Robert III was born around 1337 as the eldest son of Robert Stewart. Christened John, the future king descended from King Robert I through his maternal grandmother, Marjorie. In 1362, John joined his father in a rebellion against his great-uncle, King David II. The revolt failed, and the king imprisoned John. Despite John’s attempt to overthrow him, David created his grand-nephew the earl of Carrick in 1368. The king later reconciled with Robert and named him his heir.

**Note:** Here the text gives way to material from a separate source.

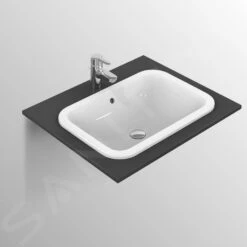 Ideal Standard Connect - Inbouwwastafel, 420x350 Mm, Met Overloop, Wit E505501 -Ideal Standard Verkoopwinkel 3017dd787f9197ec731c13f3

Upon the childless David II’s death in 1371, Robert succeeded him as Robert II. Over the following decade, Robert increasingly delegated ruling to his heir. By 1384, John actively ruled on behalf of his aging father. Despite John’s increased importance, his political rise proved short-lived. In 1388, the prince suffered a kick from a horse. The injury crippled John and his brother, Robert, earl of Fife, replaced him at court.
King of Scotland
On April 19, 1390, the elderly Robert II died. Despite losing his standing after being crippled, John succeeded his father. Although named John, the new king sought to avoid association with a past king named John Balliol. During the Scottish Wars of Independence, Balliol had been a puppet ruler for King Edward I of England. In turn, the Scots viewed Balliol as a traitor. To prevent any connection to Balliol, John took the regnal name Robert III.
Although king, Robert III was content to let others rule for him. The king’s disability never improved and caused him to experience depression. In turn, Robert increasingly allowed the earl of Fife to govern without interference. By the late 1390s, the king had withdrawn from the public and become a recluse. In recognition of his service, the earl of Fife became the duke of Albany in 1398.
During Robert III’s reign, the duke of Albany served as his primary regent. However, the king’s heir, David, would rule from 1399 – 1402. The prince proved to a reckless and impulsive man. Due to his behavior, David quickly became an ineffective and unpopular ruler. Seeking his arrogant nephew’s downfall, Albany began a propaganda campaign against David. The duke later imprisoned his nephew and neglected David until he starved to death in March 1402.
Due to Albany’s growing power, the king couldn’t punish him. Alarmed by his son’s death, Robert III feared for his younger son’s safety. To prevent James from being harmed, the king had his son sent to King Charles VI of France’s court. Aware of Robert’s plan, Albany attempted to capture his nephew. However, English pirates would intercept James’ ship before it could make it to France. The captured prince would be handed over to King Henry IV of England and imprisoned.
Robert III eventually learned of his son’s capture by the English. Shocked by the news, the king’s depression worsen. Robert’s insecurities, his lackluster reign, and crippling depression took a significant toll on his health. Over the next two years, the king’s physical health gradually declined. On his deathbed in 1406, a bitter Robert requested that he not be buried beside other Scottish kings. Finally, on April 4, the pitiful king died.
Robert III had an ineffective reign. Although king, Robert’s disability forced him to rely on others to govern for him. As a result, the nobility’s power increased at the monarchy’s expense. The king also failed to prevent his son David’s death and couldn’t keep his son James safe. Aware of his short-comings, Robert summed up his reign with his epitaph, “Here lies the worst of kings and the most miserable of men.”
Oram, R. (2006). The Kings & Queens of Scotland. Stroud, Gloucestershire: Tempus.
Rattle, A., & Vale, A. (2008). Mad Kings & Queens: History’s Most Famous Raving Royals. New York, NY: Sterling.